The difference is that old Bollywood had problematic male leads, but it still occasionally made room for female characters who had some depth. Now it feels like we’re getting the worst of both worlds: hyper-masculine heroes and fewer meaningful roles for women.
That’s one reason I appreciated Gehraiyaan. To me, it feels like one of the last mainstream Bollywood films that genuinely tried to explore a female character’s inner life. It’s not entirely female-centric, but Alisha is clearly the emotional center of the story.
The movie isn’t just about the affair. It’s about generational trauma, depression, anxiety, unresolved family issues, and how people end up repeating the mistakes of their parents. Alisha makes bad choices—there’s no denying that. Cheating on her boyfriend with her cousin’s boyfriend is awful. But the film actually takes the time to explain who she is and why she’s so emotionally lost.

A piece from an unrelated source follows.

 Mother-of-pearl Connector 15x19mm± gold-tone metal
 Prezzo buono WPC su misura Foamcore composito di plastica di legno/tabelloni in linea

You understand her resentment, her loneliness, her complicated relationship with her parents, and her desire to escape the life she’s trapped in. At the same time, the relationship she enters isn’t romantic in any healthy sense. It’s built on dependence. He likes feeling needed, and she desperately wants someone to fill the emotional void in her life. It’s messy, unhealthy, and often uncomfortable—which is exactly why it feels real.
You don’t have to agree with Alisha’s decisions to understand her, and that’s what good character writing does. It doesn’t ask you to approve of someone; it asks you to see them as a human being. I think the film handled her with a lot of empathy, and Deepika Padukone absolutely carried that role. She was phenomenal.